▶ [WORK TO BE COMPLETED]
Filter the listing and keep only the lines with the word "Amethyst".

▶ [INFORMATION SHOWN]
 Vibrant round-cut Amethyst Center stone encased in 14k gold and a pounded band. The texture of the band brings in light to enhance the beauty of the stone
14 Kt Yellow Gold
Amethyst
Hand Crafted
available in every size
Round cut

* * *

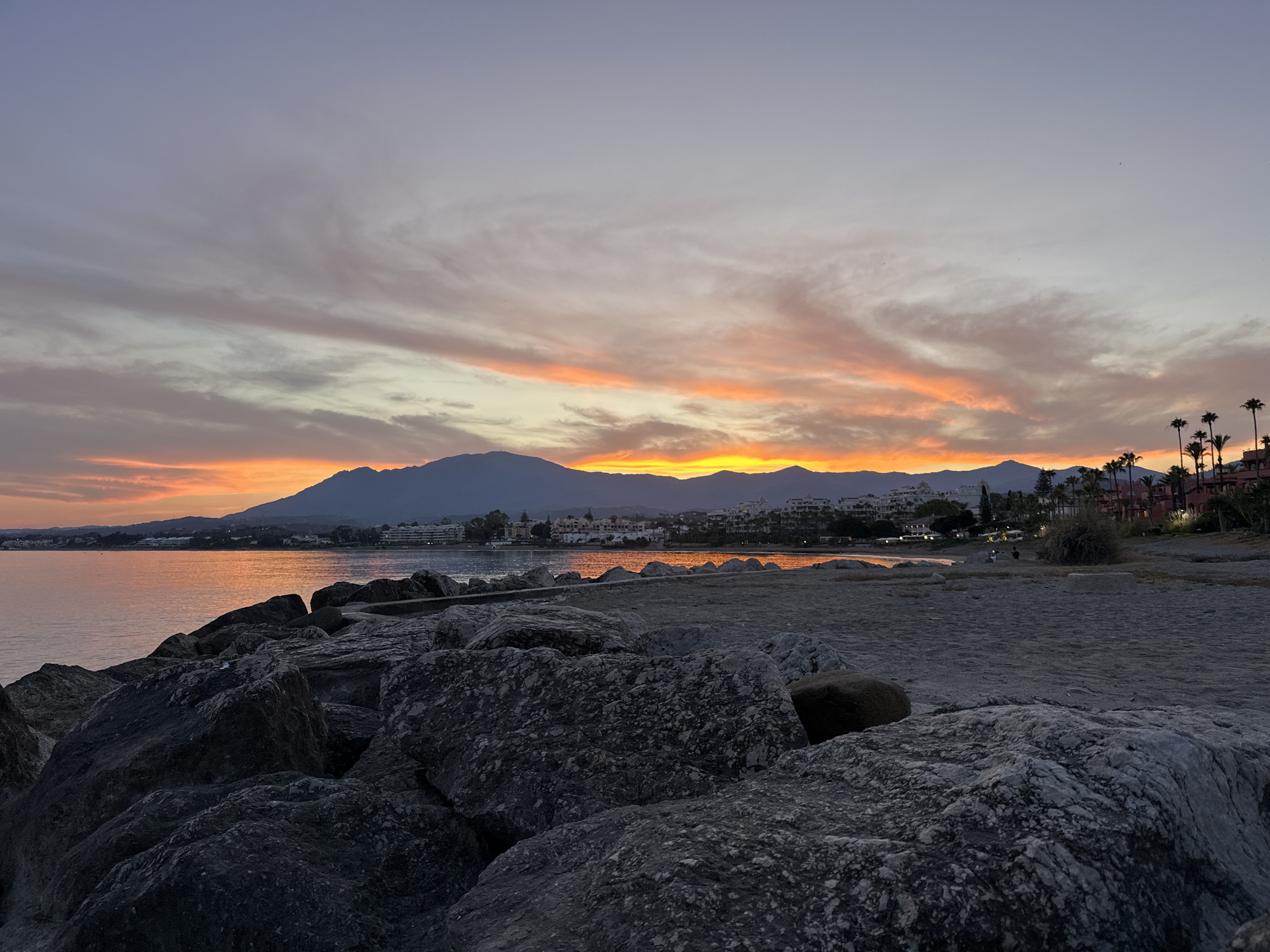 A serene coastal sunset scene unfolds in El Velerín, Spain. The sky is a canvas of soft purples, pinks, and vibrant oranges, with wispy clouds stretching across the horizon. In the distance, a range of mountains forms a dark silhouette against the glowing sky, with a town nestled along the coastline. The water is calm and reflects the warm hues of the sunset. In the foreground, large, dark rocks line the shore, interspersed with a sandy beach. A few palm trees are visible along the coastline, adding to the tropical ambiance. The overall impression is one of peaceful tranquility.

▶ [THE COMPLETED TASK]
 Vibrant round-cut Amethyst Center stone encased in 14k gold and a pounded band. The texture of the band brings in light to enhance the beauty of the stone
Amethyst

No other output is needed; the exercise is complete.